Directions:
Write the data out again exactly, with no pictures.

Information supplied:
[Start of section]

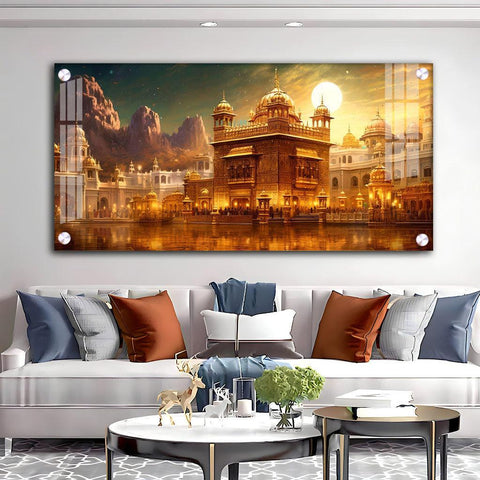 Temple Shining in Gold Premium Acrylic Horizontal Wall Art - Decor Mantra 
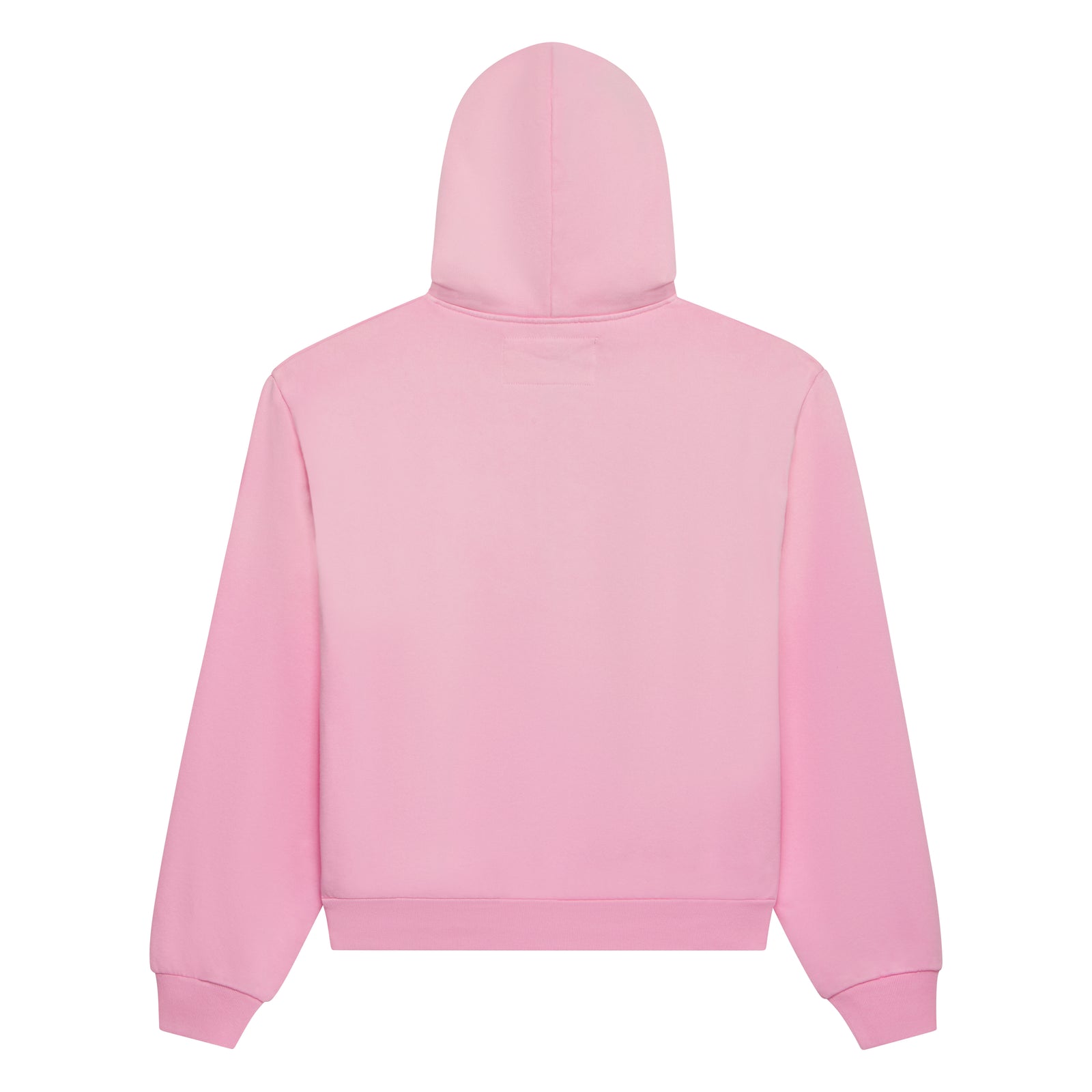 Pink 100% cotton fleece zip hoodie, back view.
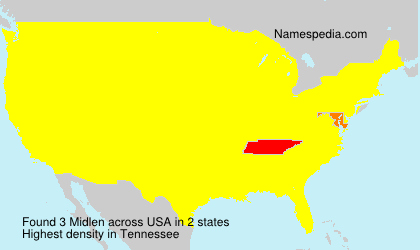 Surname Midlen in USA Surname Midlen in USA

[End of section]

Exercise solution:
 Temple Shining in Gold Premium Acrylic Horizontal Wall Art - Decor Mantra 
 Pink 100% cotton fleece zip hoodie, back view.
 Surname Midlen in USA Surname Midlen in USA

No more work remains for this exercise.